Rescue teams fight rising winds and waves as they search for hundreds of people – many of them children – still missing after a South Korean ferry capsized and sank.
Coastguard and navy divers were diving into the waters at the site of the accident, about 12 miles off the country’s southwestern coast.
Earlier, rescue teams hammered on the hull of the upturned vessel, hoping for a response from anyone trapped inside, but did not hear anything, media reports said.
Meanwhile a man identified as the ferry’s captain briefly appeared on TV, his face covered with a gray hoodie.
“I am really sorry and deeply ashamed,” he said, as he was being questioned at the Mokpo Coast Guard Office on Thursday.
The vessel, carrying 475 passengers and crew, capsized on Wednesday during a short journey from the port of Incheon to the holiday island of Jeju.
Nine people were found dead and 179 had been rescued, according to the South Korean government, leaving 287 unaccounted for and possibly still trapped in the vessel.
There is still no official explanation for the sinking, although the government has launched a formal inquiry.
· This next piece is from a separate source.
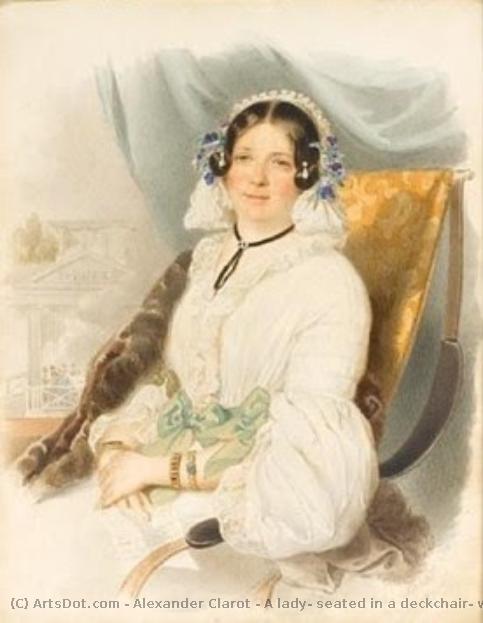 A Lady, Seated In A Deckchair, Wearing White Dress With Lace Trim And Green Ribbon Bows, Lace Headdress Decorated With Violets, Black Ribbon Necklace — Alexander Clarot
The ship, built in Japan 20 years ago, was following a well travelled route. Although the wider area has rock hazards and shallow waters, they were not in the immediate vicinity of its usual path.
State broadcaster YTN quoted investigation officials as saying the ship was off its usual course and had been hit by a veering wind which caused containers stacked on deck to shift.
Grieving parents accused rescue teams of being slow to react and for lack of information, although government officials said that search efforts had continued through the night.
“I am really angry with the government,” said Kwak Hyun-ok, whose daughter who was one of 340 children and teachers from one school on the vessel.
If I could teach myself to dive, I would jump in the water and try to find my daughter
“There is no meaning to life without my daughter,” Ms Kwak added.
The government said three cranes were being moved to the site of the accident and would arrive on Friday, although efforts were continuing to establish whether there were any survivors on the stricken vessel.
“We carried out underwater searches five times from midnight until early in the morning, but the strong currents and murky waters pose big obstacles,” Kang Byung-kyu a minister for public security told a press conference in the capital Seoul.
One parent, Park Yung-suk, told Reuters at the port of Jindo where the rescue efforts are centred that she had seen the body of her teenage daughter’s teacher brought ashore earlier in the morning.
“If I could teach myself to dive, I would jump in the water and try to find my daughter,” she said.
The vessel was listing heavily to one side on Wednesday as passengers wearing life jackets scrambled into the sea and waiting rescue boats, according to television footage.
It sank in roughly two hours and witnesses and local media showed that just two life rafts from the ship successfully inflated and launched. Earlier reports said just one had inflated.
Witnesses told Korean media that the captain of the vessel, who is now being held by police, was one of the first to leave the stricken vessel.